▶ _RECORD EXTRACTS_
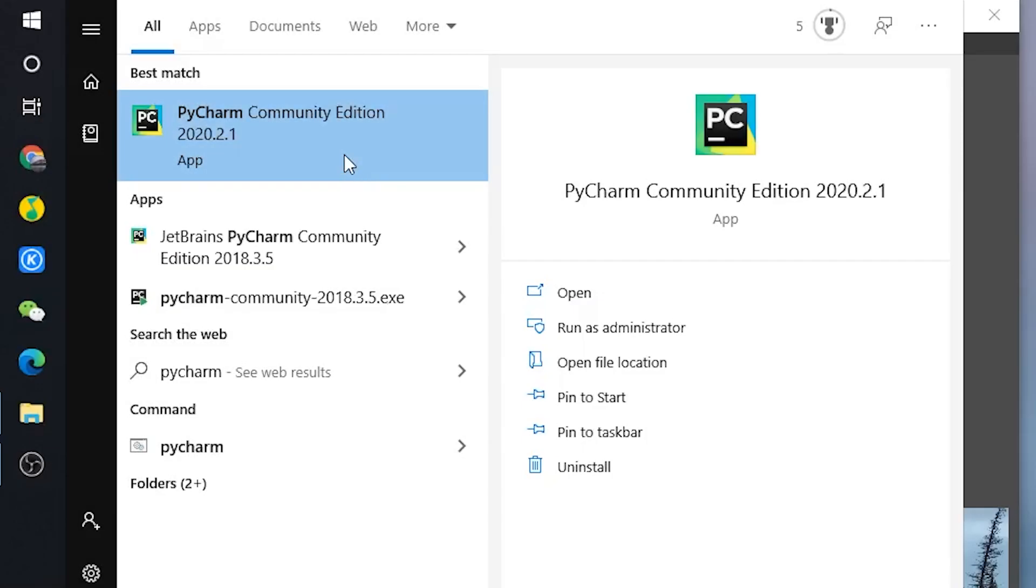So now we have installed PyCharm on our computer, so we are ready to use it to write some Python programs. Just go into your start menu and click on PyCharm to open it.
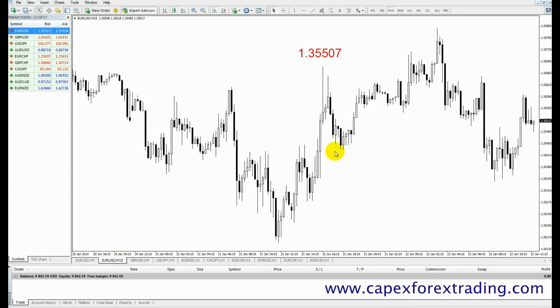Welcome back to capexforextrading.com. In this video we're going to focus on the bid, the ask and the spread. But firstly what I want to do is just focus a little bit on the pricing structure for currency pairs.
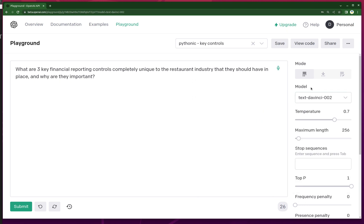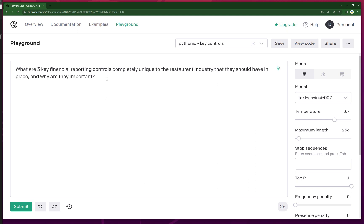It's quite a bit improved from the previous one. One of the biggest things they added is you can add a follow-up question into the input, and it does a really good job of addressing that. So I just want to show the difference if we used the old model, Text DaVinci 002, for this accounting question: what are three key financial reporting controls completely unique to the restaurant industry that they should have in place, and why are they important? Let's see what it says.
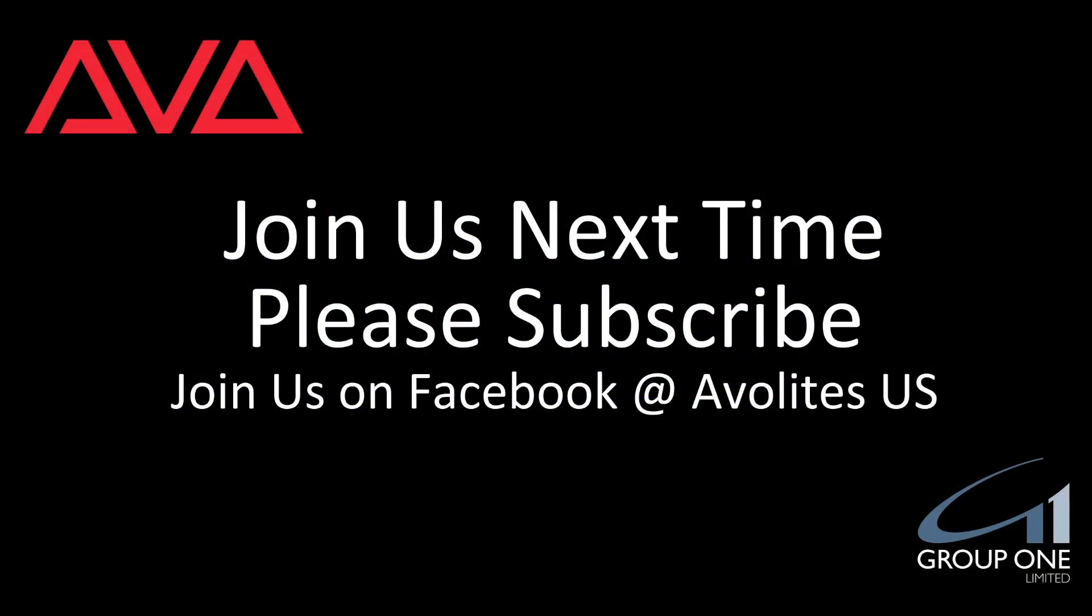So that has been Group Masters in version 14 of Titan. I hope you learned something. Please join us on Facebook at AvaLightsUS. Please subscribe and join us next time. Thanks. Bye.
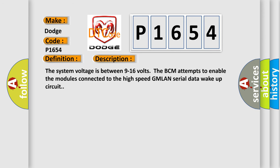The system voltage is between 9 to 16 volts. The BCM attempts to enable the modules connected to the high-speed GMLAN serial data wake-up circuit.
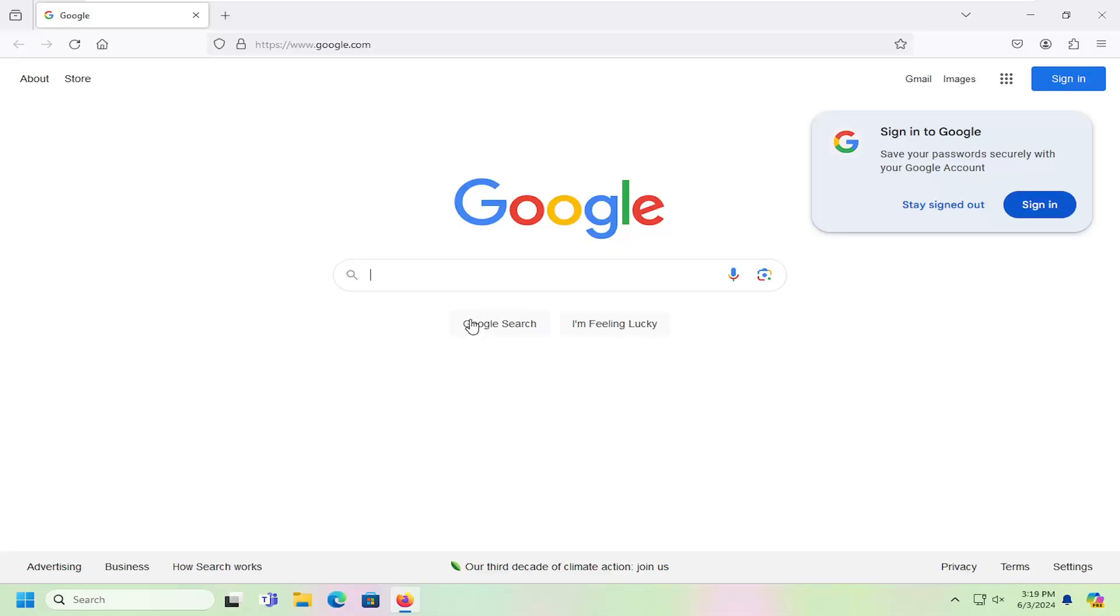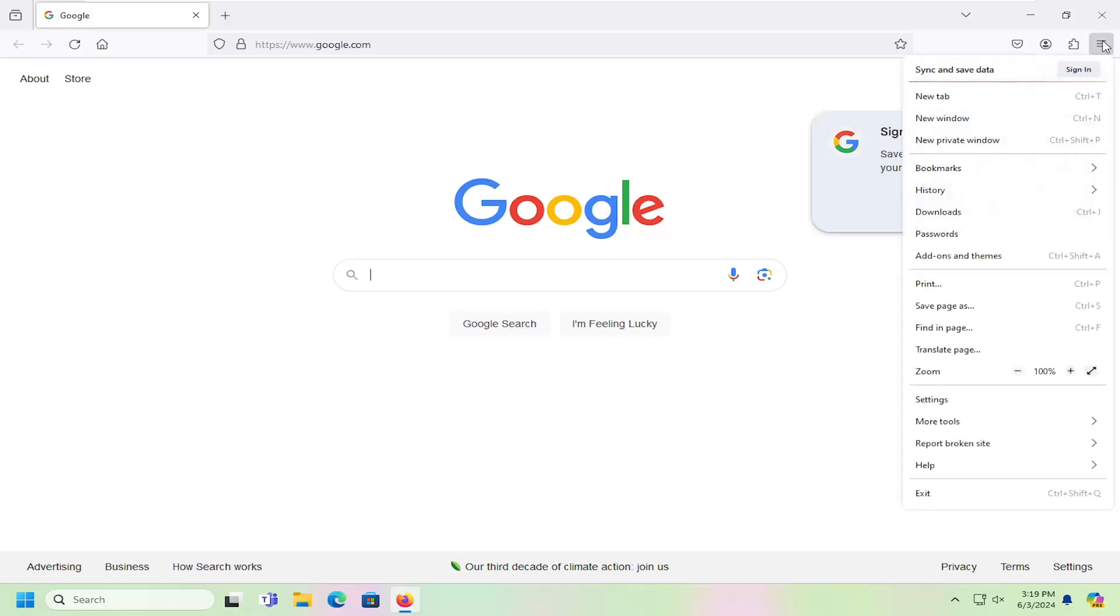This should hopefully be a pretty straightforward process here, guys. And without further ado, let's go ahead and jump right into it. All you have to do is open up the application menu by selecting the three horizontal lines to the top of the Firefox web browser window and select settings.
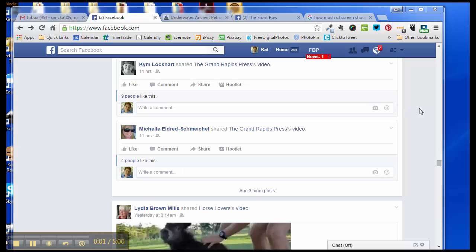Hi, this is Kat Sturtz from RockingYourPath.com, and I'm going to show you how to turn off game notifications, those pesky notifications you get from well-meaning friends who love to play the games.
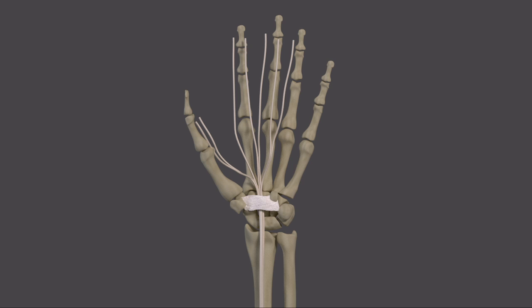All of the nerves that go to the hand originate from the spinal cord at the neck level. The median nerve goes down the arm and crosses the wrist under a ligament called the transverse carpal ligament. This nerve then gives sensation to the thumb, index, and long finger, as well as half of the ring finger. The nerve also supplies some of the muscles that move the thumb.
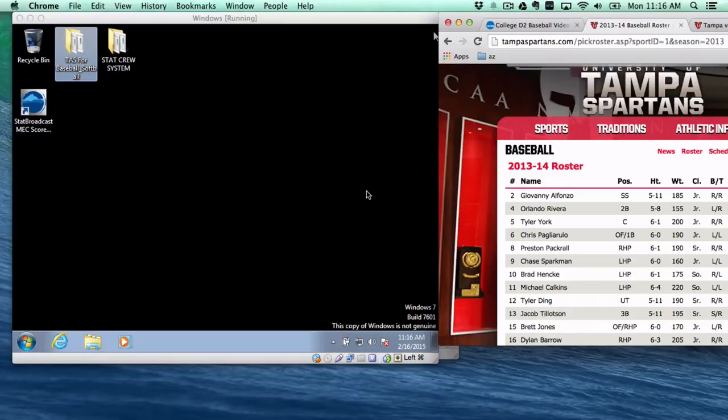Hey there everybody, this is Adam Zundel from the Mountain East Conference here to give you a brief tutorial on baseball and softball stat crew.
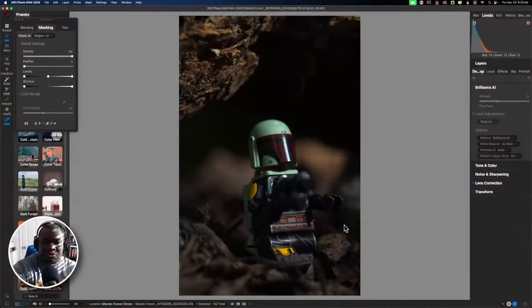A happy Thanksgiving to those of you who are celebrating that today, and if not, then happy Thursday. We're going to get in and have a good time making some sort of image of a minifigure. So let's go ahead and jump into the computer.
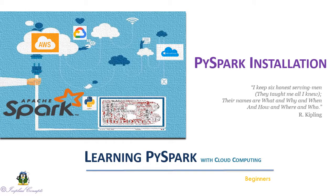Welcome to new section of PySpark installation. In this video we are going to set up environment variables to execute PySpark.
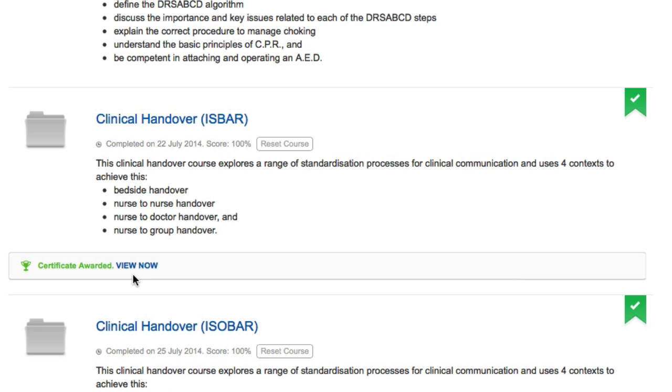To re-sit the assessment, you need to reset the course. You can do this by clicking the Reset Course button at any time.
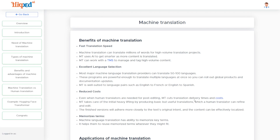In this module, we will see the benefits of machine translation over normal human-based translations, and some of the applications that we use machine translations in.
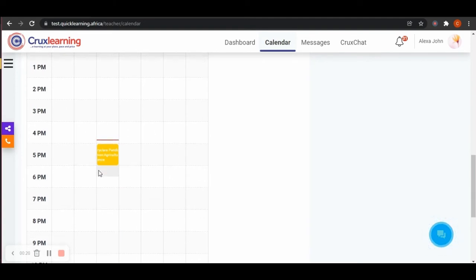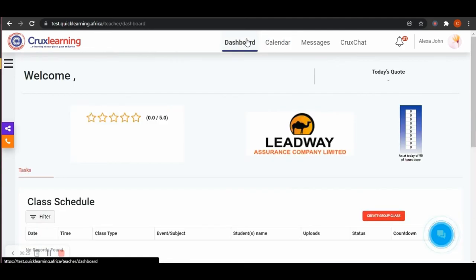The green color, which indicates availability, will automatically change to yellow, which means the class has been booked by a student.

▶ _INSTRUCTIONS TO FOLLOW_
Every line of the material must be returned verbatim, and pictures must be left behind.

▶ _EXERCISE RESPONSE_
So now we have installed PyCharm on our computer, so we are ready to use it to write some Python programs. Just go into your start menu and click on PyCharm to open it.
Welcome back to capexforextrading.com. In this video we're going to focus on the bid, the ask and the spread. But firstly what I want to do is just focus a little bit on the pricing structure for currency pairs.
It's quite a bit improved from the previous one. One of the biggest things they added is you can add a follow-up question into the input, and it does a really good job of addressing that. So I just want to show the difference if we used the old model, Text DaVinci 002, for this accounting question: what are three key financial reporting controls completely unique to the restaurant industry that they should have in place, and why are they important? Let's see what it says.
So that has been Group Masters in version 14 of Titan. I hope you learned something. Please join us on Facebook at AvaLightsUS. Please subscribe and join us next time. Thanks. Bye.
The system voltage is between 9 to 16 volts. The BCM attempts to enable the modules connected to the high-speed GMLAN serial data wake-up circuit.
This should hopefully be a pretty straightforward process here, guys. And without further ado, let's go ahead and jump right into it. All you have to do is open up the application menu by selecting the three horizontal lines to the top of the Firefox web browser window and select settings.
Hi, this is Kat Sturtz from RockingYourPath.com, and I'm going to show you how to turn off game notifications, those pesky notifications you get from well-meaning friends who love to play the games.
All of the nerves that go to the hand originate from the spinal cord at the neck level. The median nerve goes down the arm and crosses the wrist under a ligament called the transverse carpal ligament. This nerve then gives sensation to the thumb, index, and long finger, as well as half of the ring finger. The nerve also supplies some of the muscles that move the thumb.
Hey there everybody, this is Adam Zundel from the Mountain East Conference here to give you a brief tutorial on baseball and softball stat crew.
A happy Thanksgiving to those of you who are celebrating that today, and if not, then happy Thursday. We're going to get in and have a good time making some sort of image of a minifigure. So let's go ahead and jump into the computer.
Welcome to new section of PySpark installation. In this video we are going to set up environment variables to execute PySpark.
To re-sit the assessment, you need to reset the course. You can do this by clicking the Reset Course button at any time.
In this module, we will see the benefits of machine translation over normal human-based translations, and some of the applications that we use machine translations in.
The green color, which indicates availability, will automatically change to yellow, which means the class has been booked by a student.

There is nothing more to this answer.